"The natural history of kratom use, including its clinical pharmacology and toxicology, are poorly understood," points out one of the few experts in the plant, Dr. Edward Boyer, in Addiction journal. Only a handful of scientific papers in English have been written about kratom, its effects, and its centuries-long history of use.
What we do know is over 25 alkaloids have been isolated from kratom and until recently mitragynine was believed to be the main one responsible for kratom’s effects, it being the most abundant alkaloid in the plant. Then in 2002, 7-hydroxymitragynine was discovered by a group of Japanese researchers to be the most significant substance. Despite being present in much smaller amounts, this minor alkaloid of kratom was found to be even more potent than morphine.
The Japanese researchers filed a patent for all possible medical uses of mitragynine with the hope of developing kratom derivatives as pharmaceutical drugs.
Later research has determined that both alkaloids act as partial opioid receptor agonists, activating supraspinal mu- and delta- opioid receptors. Hence the similar effects to morphine, and kratom’s use by chronic narcotics users to lessen opioid withdrawal symptoms.
A medical toxicologist at a Harvard Medical School teaching hospital, Dr. Boyer became interested in kratom after reading about it on mutual support websites for some of the 40 million Americans who manage their own chronic pain.
They had been buying their meds online until 2006, when the government began to shut down Internet pharmacies. All these self-medicators were left high and dry and looking for a way to deal with opioid withdrawal they stumbled across kratom.

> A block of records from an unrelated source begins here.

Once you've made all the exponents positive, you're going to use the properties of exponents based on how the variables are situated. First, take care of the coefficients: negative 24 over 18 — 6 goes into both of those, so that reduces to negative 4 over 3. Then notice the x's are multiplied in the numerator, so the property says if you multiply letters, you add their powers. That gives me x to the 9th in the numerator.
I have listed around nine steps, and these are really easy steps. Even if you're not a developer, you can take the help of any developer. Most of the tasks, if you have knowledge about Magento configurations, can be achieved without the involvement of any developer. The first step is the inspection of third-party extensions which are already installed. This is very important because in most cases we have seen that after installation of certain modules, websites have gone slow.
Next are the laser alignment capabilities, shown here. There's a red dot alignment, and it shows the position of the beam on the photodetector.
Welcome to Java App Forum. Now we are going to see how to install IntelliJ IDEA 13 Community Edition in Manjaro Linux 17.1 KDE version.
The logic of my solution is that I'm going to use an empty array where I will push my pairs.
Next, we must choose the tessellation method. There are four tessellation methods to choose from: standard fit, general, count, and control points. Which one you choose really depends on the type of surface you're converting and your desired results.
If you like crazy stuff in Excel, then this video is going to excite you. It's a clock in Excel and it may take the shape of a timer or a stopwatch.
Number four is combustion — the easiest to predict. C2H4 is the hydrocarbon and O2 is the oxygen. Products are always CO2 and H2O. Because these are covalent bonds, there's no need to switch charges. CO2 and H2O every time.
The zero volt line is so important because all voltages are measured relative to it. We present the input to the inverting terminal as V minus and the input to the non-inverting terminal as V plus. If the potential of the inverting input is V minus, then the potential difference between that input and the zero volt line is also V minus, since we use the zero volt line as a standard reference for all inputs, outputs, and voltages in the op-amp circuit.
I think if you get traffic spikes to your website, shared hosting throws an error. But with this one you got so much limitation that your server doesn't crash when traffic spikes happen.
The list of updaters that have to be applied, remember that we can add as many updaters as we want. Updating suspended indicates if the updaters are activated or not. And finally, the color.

Supply soon began to increase to meet the demand, and as its availability increased and word of its more recreational effects spread, so the inevitable media reports and demonization began. But this growing public attention, however ignorantly informed, also helped bring kratom to the notice of serious researchers.

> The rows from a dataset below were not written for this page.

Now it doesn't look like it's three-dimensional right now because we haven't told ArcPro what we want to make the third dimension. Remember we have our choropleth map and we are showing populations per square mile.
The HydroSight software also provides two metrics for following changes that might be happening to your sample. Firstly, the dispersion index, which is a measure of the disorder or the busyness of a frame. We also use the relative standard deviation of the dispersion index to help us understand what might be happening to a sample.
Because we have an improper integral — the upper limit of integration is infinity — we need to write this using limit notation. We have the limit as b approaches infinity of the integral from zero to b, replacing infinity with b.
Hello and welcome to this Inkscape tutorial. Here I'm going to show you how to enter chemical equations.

Although the alkaloid structure of Kratom distantly resembles those of other psychedelic drugs such as psilocybin or LSD, but no psychedelic activity has ever been reported after ingestion of Kratom. Instead, Kratom induces effects ranging from increased focus and activity to serious drowsiness and prolonged sleep. But there are vastly unknown desirable side-effects of Kratom ... and way more chemicals involved than only the so far furthest researched active substances 7-Hydroxymitragynine and Mitragynine. During our research about the ingredients of Kratom we came across these chemical substances: Ajmalicin, 7-acetoxymitragynine, Corynantheidin, Corynoxein, Corinoxin, 3-Dehydromitragynin, (-)-Epicatechin, 3-Isocorynantheidin, 3-Isopaynanthein, Isomitraphyllin, Isospeciofolin, Isospecionoxein, Mitraciliatin, Mitrafolin, Mitragynalin , Mitraphylin, Mitraspecin, Mitraversin, Paynanthein, Speciociliatin, Speciofolin, Speciogynin, Specionoxein, Speciogynin, Speciofolin, Stipulatin, but we'll limit our excursus to the most interesting compounds 7-Hydroxymitragynine, Mitragynine and (-)-Epicatechin. Kratom actually contains over 40 chemicals, but we simply didn't find them all to list them here.

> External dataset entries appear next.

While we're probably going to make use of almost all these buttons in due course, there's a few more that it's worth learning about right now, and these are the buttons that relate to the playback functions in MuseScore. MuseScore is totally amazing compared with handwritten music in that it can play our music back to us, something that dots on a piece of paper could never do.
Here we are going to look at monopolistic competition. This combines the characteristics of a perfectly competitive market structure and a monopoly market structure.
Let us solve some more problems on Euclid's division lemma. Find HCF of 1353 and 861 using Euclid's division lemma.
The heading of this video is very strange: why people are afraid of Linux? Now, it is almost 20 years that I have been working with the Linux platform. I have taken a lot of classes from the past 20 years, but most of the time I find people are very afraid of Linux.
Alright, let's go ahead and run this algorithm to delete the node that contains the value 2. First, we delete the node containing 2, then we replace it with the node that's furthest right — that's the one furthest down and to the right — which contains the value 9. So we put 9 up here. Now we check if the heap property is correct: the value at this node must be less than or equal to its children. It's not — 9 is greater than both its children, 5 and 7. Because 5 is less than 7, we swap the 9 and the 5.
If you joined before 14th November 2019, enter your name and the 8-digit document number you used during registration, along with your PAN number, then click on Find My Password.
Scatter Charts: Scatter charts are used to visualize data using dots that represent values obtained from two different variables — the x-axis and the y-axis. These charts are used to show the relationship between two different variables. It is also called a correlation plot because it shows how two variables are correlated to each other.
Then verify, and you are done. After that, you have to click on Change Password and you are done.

7-Hydroxymitragynine is the main ingredient in Kratom tinctures and has opioid agonistic activity. Recent research about the active substances in Kratom has shown that its potency is 30-fold higher than that of Mitragynine, which makes 7-Hydroxymitragynine the top candidate as main active substance in Kratom and puts Mitragynine, the previously assumed as main active chemical, in second place. 7-hydroxymitragynine interacts with the three major opiod sites Kappa, Delta and Mu, but it preferably binds to Mu receptors; these receptors are responsible for the enjoyable effects of opiates, analgesia and physical dependence.
Mitragynine is an indole alkaloid and already has been isolated for the first time in 1907 by D. Hooper, so it actually took almost 100 years until it found its way to recreational use. It has been thought to be the primary active substance in Kratom, but it turned out to be only the most abundant active alkaloid (about 0.1-0.3%, depending on the plant). A small dose of Mitragynine acts like a stimulant because it binds to the Delta receptors, but at higher doses it also binds to the Mu receptors and alleviates pain. Although the structure of Mitragynine is similar to LSD or Psilocybin it does not induce any psychedelic effects. Since Mitragynine was assumed to be the main active substance in Kratom, it is better researched than 7-Hydroxymitragynine.
Epicatechin is a real all-rounder with its versatile benefits for health. It reduces the effects of free radicals on the body, which reduces the cancer risk and helps prevent fat cells from oxidizing and blocking arteries. Moreover it helps with blood sugar levels and is beneficial to diabetics because it mimics endogenous insulin. On top of that it prevents growth of bacteria such as E-Coli and inhibits alpha-amylase.